After measuring him, yep, it would definitely have to be a 12", which is a bummer cause they seem to be way harder to come by than a 16" and hence more expensive (and I had a secret hope that I could cram myself on a 16 in and learn with him!).

I plan on keeping an eye out on the trading post here and ebay. Will update if we get one for him.

The link I posted earlier for a 12" is in stock and only $89.99, which is cheaper than’s 16" ($99.99)

As for how to get him learning, I would recommend strapping some pads on him and just having him get on the uni holding onto some sort of rail or wall (it’s best if you can grab onto it rather than lean on it). Have him push along until he gets a feel for the balance and can go a revolution or two before touching the wall again, then just push off of the wall and see how far he can go, and before long he’ll be able to ride!

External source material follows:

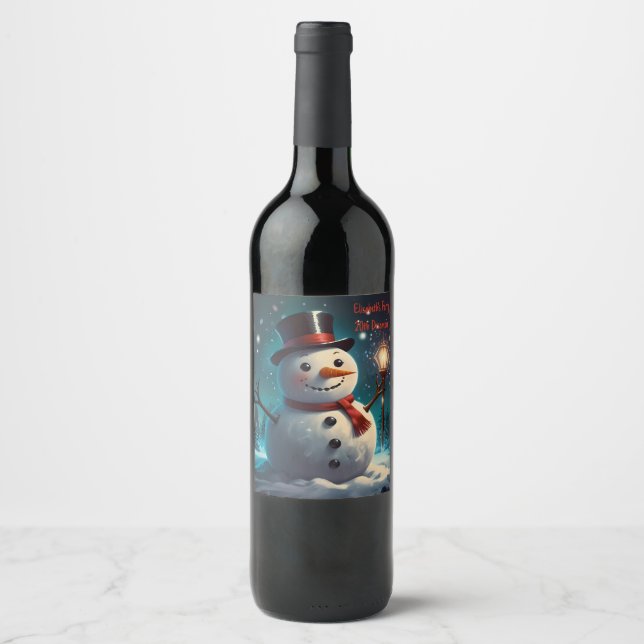 Cheerful Snowman Party Invitation  - Festive Card. Wine Label (Front)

And who says you can’t get your own unicycle! :stuck_out_tongue:

I would add that inspiration goes a long way. Search youtube for unicycling videos and he will see people doing awesome things on unicycles. Otherwise, he probably would have no clue - like most people - how much fun can be had.

Ask us if you’d like some videos.

I have seen that contraption online before. It would be interesting to hear a report from someone who has tried it.

Good for your son. To learn to ride a unicycle he would have to be self-motivated.

Another idea that works for small kids is to place 2 long tables side-by-side. That way the child can have a table on each side for support and ride between the tables. The rider is in control which is better than having a parent drag them around. You would need tables that are high enough for adults to sit at. Folding tables like you find in a church basement, school or community center work well. Be sure the tables are strong enough to support his weight and stable enough that they will not tip.

click the link to see Adam Cohen’s son Ziggy (at age 2.5) ride a unicycle.

Ziggy aside, age 4 is quite young to learn to ride. In my limited experience (as a father of two uni riders and two non-uni riders), it is hard to find kids under age 8 or 9 who have what it takes to learn to ride: Muscle, balance, determination, patience, ability to understand delayed gratification and stick-to-it-tive-ness.

However, as Ziggy Cohen demonstrates, while it is improbable, it is not impossible.

Now that is really impressive stuff. That kid is going to have some crazy (in a good way) balance when he grows up!

I tried unicycling as a child (not quite that young :P) and gave up pretty quickly - it really does seem impossible when you’re first trying to learn and I was far too impatient. I’m wishing now that I’d started younger so I’d be a lot better by now!